Kevin Hickey, Executive Director of Catholic Charities, Diocese of Camden, held up a framed picture of Pope Francis – a picture that normally sits on his desk any other day. In front of him were 44 refugees who had been resettled through Catholic Charities’ refugee resettlement program. Beside him stood Bishop Dennis Sullivan. Motioning towards the picture of Pope Francis, Hickey said, “This man, the Pope – this is Bishop’s Sullivan’s boss,” as laughter and gasps filled the room.
Addressing the refugees and migrants, Bishop Sullivan said, “When I look at you, I don’t see if you’re from Burma or Syria or anywhere else. I see you as children of God, I respect you, and in a very real sense, I love you. And no matter what your faith, you are welcome here.”
He continued, “We are here to be your companion, to share the journey. That is the message that the Pope has sent to the whole church – over a billion Catholics from all over the world.”
It was clear by the many nods and intent expressions on the faces of the refugee clients that most of them understood English. But Catholic Charities staff members, Sarah Aljanabi and Francis Lian, translated for the rest of the clients who were still in the process of learning. Aljanabi and Lian were once refugees themselves from Iraq and Myanmar, respectively, and now work full-time for Catholic Charities’ refugee resettlement program.
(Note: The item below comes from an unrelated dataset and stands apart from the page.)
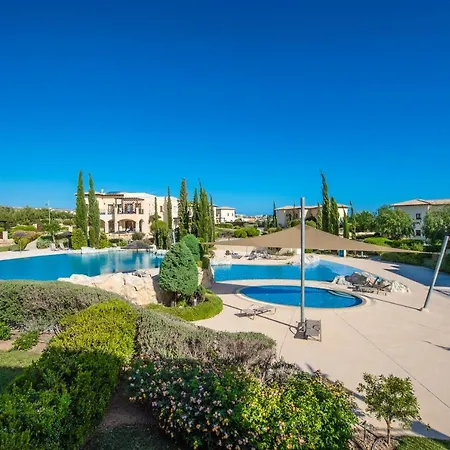 Semesteranläggning (resort) Aphrodite Hills - 4*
Bishop Sullivan, Catholic Charities staff, volunteers from the community, and these 44 refugee all gathered on September 27 – a day that marked the beginning of a worldwide campaign in support of migrants and refugees called Share the Journey that was launched by Pope Francis.
Kevin Hickey remarked, “Our faith calls on us to welcome refugees and asylum-seekers. We are all children of God, and God calls us to love our neighbor. Our neighbors live across the street, across the country, across borders, oceans and hemispheres. Our neighbors don’t always look like us, pray like us, dress like us or talk like us, but each one deserves a chance to flourish in this life.”
He continued, “Parents and children desperately need food, shelter, safety, and a chance to rebuild their lives. Our Church teaches that people have a right to meet their needs at home and the right to leave when they cannot. Governments have a duty to protect them, and it is our obligation to help those who are suffering. The U.S. has enough resources, that – if well spent — can support the needy here and abroad.”
The refugee clients of Catholic Charities are men, women, teenagers, children of all ages, from all over the world: Myanmar, Syria, Uganda, Afghanistan, Pakistan, Ethiopia, among others. All of them are from war-torn or post-conflict regions of the world and have fled violence and persecution in hopes of finding a better life.
Following the formal program, the Bishop, staff and refugees shared a meal together and mingled with each other in the Camden office of Catholic Charities – normally a room where ESL (English as a Second Language) is taught three times a week.
Sponsored internationally by Caritas Internationalis and in the U.S. by the U.S. Conference of Catholic Bishops (USCCB), Catholic Charities USA (CCUSA) and Catholic Relief Services (CRS), the Share the Journey (use italics consistently for the name of this campaign) campaign aims to engage the Church and others who care about migrants and refugees, around the world and in the United States. Through education and advocacy, the campaign seeks to affect both personal feelings and opinions as well as public policy. It is a call to prayer, to reflection and to action. Pope Francis launched the campaign by performing a symbolic gesture of “reaching out” to migrants and refugees, encouraging others to join him.
The campaign invites Catholics throughout the U.S. to show their compassion and to Share the Journey with the millions of people across the globe who are fleeing poverty, oppression, war and disaster. Just as Jesus journeyed to share the Gospel of love and sacrificed for others, Catholics in the U.S. are being called to share the physical and emotional journey with migrants and refugees by extending the hand of dignity, love and support.
Such journeys toward new understanding and compassion often begin with a personal encounter with one who had previously been a stranger, whose customs were unfamiliar, and whose life stories were unknown. It is hoped that, through this campaign, Catholics everywhere will begin a journey of personal engagement with those among us who need our help, as well as a journey of personal commitment to use their voices in support of programs and policies which benefit individuals and families desperate to rebuild their lives.
“It’s an honor to be here today, and it’s an honor to be in this country,” said Muhammad Zafir, a 19 year old refugee from Pakistan who was accompanied by his mother and sister. “It really has been a journey, but I’m just so happy that it can be continued in a peaceful place where my family and I are welcomed,” he said, beaming.